TASK PROMPT: Report back every line from the entries below in which the word "Shirt" occurs.

Web page caption snippets:
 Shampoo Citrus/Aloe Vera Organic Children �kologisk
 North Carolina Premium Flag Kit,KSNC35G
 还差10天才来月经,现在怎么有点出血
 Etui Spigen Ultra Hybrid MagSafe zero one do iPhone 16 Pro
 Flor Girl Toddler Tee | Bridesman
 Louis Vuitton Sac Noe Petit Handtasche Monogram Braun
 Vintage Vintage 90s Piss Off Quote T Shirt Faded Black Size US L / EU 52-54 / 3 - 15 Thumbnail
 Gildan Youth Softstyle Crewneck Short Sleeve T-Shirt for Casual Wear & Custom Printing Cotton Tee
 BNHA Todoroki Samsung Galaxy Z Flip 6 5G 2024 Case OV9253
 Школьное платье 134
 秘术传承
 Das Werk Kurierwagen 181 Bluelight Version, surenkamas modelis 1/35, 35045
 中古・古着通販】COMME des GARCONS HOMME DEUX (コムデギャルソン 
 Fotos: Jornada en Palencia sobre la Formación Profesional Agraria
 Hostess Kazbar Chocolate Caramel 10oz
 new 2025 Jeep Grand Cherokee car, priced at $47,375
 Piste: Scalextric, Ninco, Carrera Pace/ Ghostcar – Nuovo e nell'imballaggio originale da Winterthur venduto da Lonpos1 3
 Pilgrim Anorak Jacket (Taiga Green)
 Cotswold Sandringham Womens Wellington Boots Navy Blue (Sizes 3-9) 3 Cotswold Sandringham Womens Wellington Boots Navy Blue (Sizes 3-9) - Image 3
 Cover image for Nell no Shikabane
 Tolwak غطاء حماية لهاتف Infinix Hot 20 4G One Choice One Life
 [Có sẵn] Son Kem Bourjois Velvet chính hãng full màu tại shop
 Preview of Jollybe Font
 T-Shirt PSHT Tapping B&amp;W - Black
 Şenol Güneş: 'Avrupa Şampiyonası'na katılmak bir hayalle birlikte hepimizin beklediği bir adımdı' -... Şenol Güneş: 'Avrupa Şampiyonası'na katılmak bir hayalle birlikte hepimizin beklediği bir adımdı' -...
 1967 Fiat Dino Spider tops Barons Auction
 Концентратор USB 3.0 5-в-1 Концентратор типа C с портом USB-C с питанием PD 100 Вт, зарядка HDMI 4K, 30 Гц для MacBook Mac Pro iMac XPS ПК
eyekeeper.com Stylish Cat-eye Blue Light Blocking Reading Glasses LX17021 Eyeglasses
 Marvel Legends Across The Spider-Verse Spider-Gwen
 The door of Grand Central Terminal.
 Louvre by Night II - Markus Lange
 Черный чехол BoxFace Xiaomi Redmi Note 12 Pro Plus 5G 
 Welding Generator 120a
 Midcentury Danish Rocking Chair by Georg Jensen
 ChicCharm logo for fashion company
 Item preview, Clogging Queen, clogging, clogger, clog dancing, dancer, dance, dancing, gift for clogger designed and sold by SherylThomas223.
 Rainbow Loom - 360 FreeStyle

OUTPUT OF THE TASK:
 Vintage Vintage 90s Piss Off Quote T Shirt Faded Black Size US L / EU 52-54 / 3 - 15 Thumbnail
 Gildan Youth Softstyle Crewneck Short Sleeve T-Shirt for Casual Wear & Custom Printing Cotton Tee
 T-Shirt PSHT Tapping B&amp;W - Black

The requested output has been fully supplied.